Imagine sticking a rusty razor blade into your favourite eye, before tying your hands behind your back. Then imagine that you use the entrenched razor blade to slice open a raw onion. All the while being butt naked. This product is slightly more painful than that."
 
haha why did you stop

"However if we ignore the blinding, crippling and debilitating pain I should

point out that this product is remarkably effective. Before, all manner of

organisms great and small lived down there, now nothing can grow; not even on a

cellular level. Sadly this includes my genitalia; I've spent the last four hours

staring fixedly at Carol Vorderman's arse, all to no avail. My tinkywinkleton

hasn't even so much as perked up, so if my review seems a bit harsh, it's only

because I wanted children."

 
haha these are gold

Have decided to do a written review as opposed to the video version.

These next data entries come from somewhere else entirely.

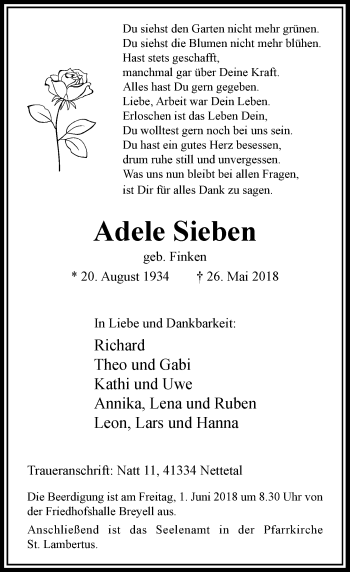 Traueranzeige von Adele Sieben von Rheinische Post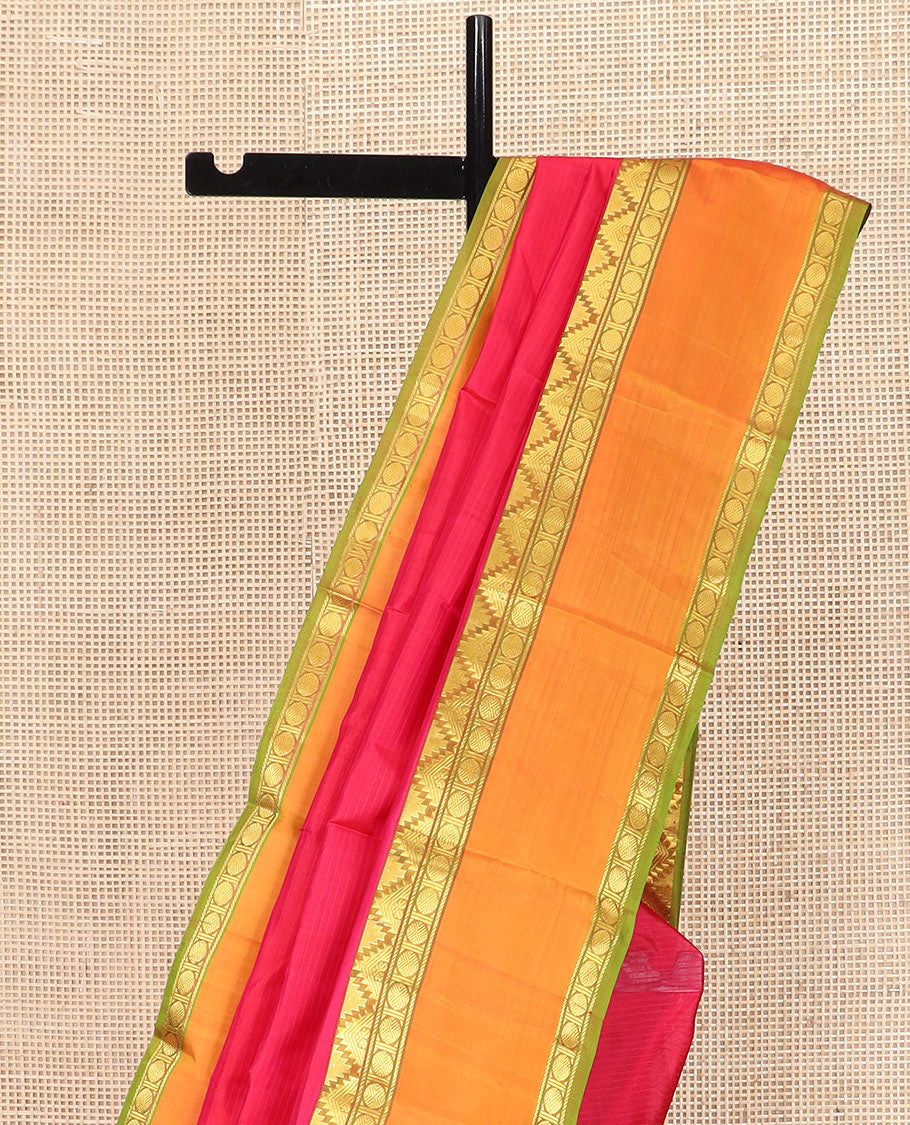 Red Striped Kanchipuram Silk Saree Spotlighted with Contrast Rettai Pettu Border Featuring Thazampoo Rekku, Manga, Banaras, and Rudraksham Designs, a Subtle Striped Pallu, and a Contrast Blouse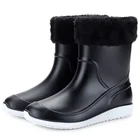 Мужские резиновые непромокаемые ботинки без шнуровки, уличные повседневные рыболовные ботинки, зимняя плюшевая обувь для студентов, обувь для дождя, мужские ботинки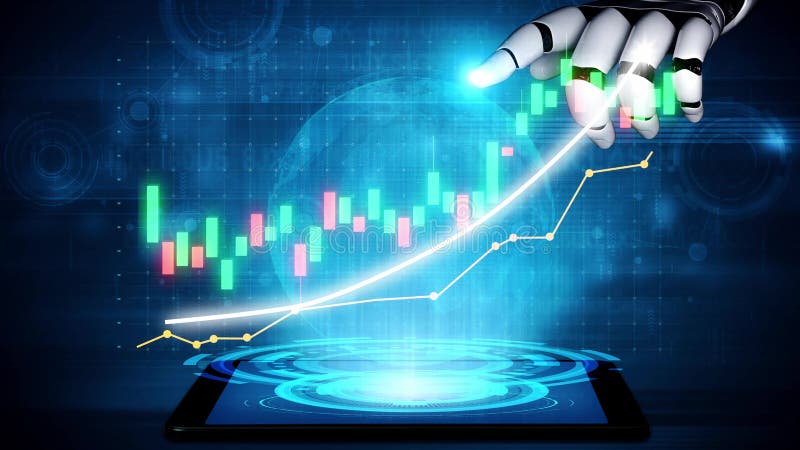 Futuristic Robot Hand Manipulating Financial Data Graph on Tablet Through Advanced Digital Technology and Data vector illustration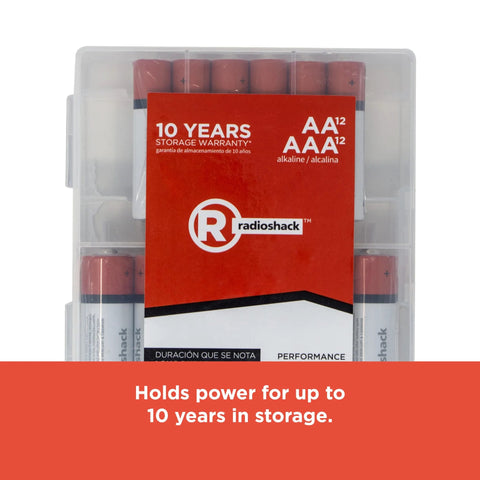 Close-up of Mixed Alkaline Battery Pack 12 AA 12 AAA With Reusable Plastic Case featuring 10-year storage warranty label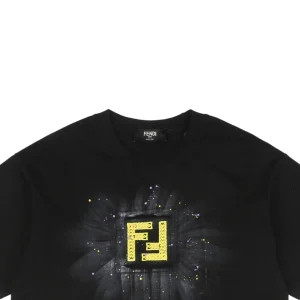 F Radiant Ink Splash Embroidered T-shirt Black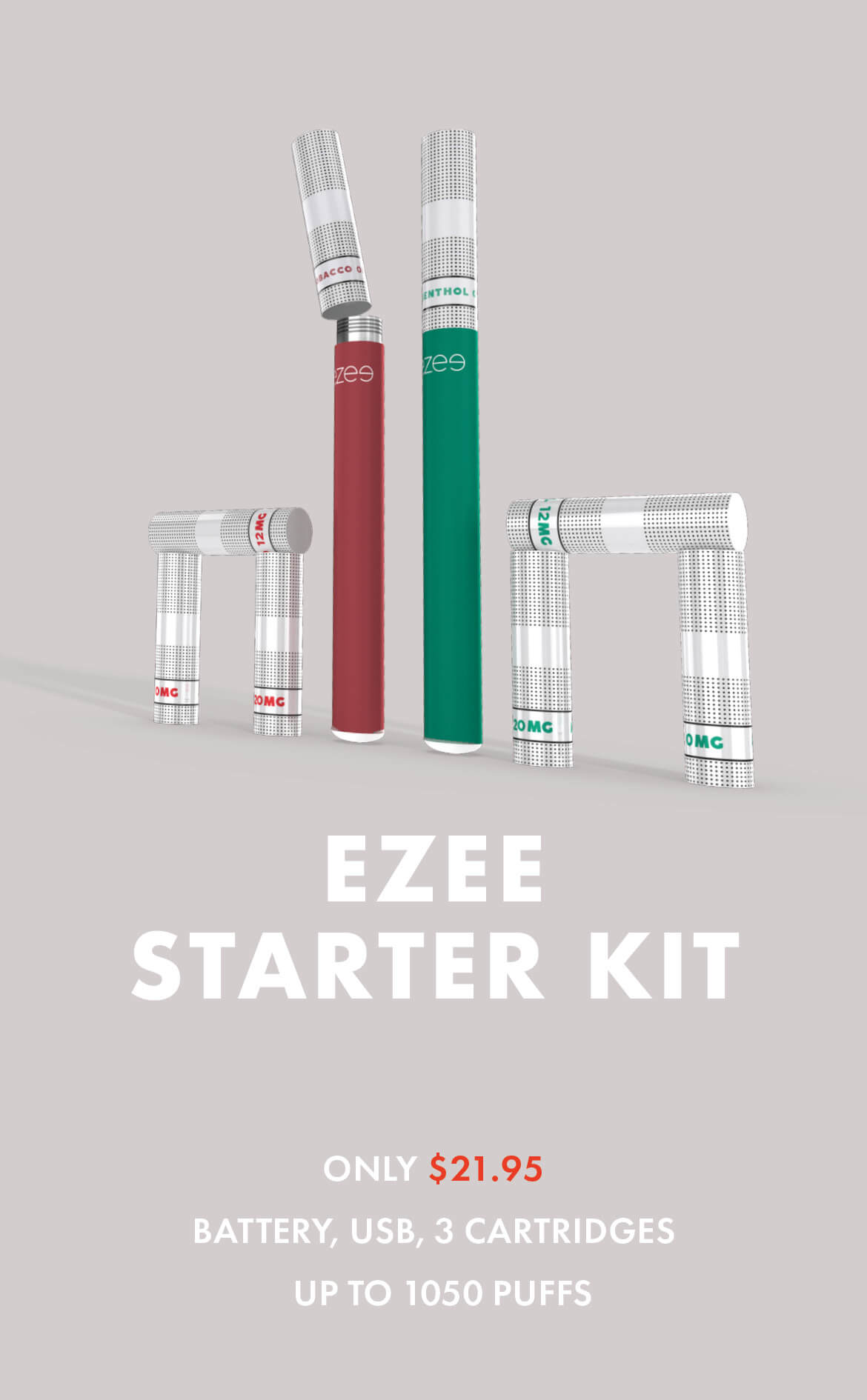 Ezee e-cigarette starter kit rechargeable nicotine and nicotine free cartridges tobacco menthol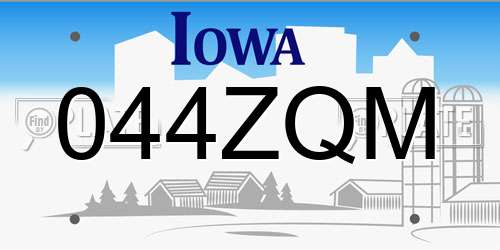 044ZQM Iowa License Plate
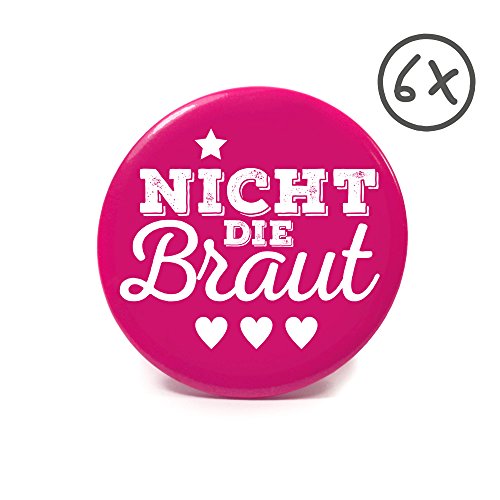 6 Frau Wundervoll JGA Buttons rosa / pink – Nicht die Braut, Ø 5,6 cm – Junggesellinnenabschied / Hen Party / Anstecker - 2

Stephen and The Twins have suffered for many years from subtropical conditions, and naturally this discomfort has driven me to distraction. Formerly, I would have to make do with regular blasts of an air compressor, but such equipment has been troublesome to keep with me. Having been refused admission on a Ryanair flight to Bruges, I decided my bat's ears required drastic chemicular action.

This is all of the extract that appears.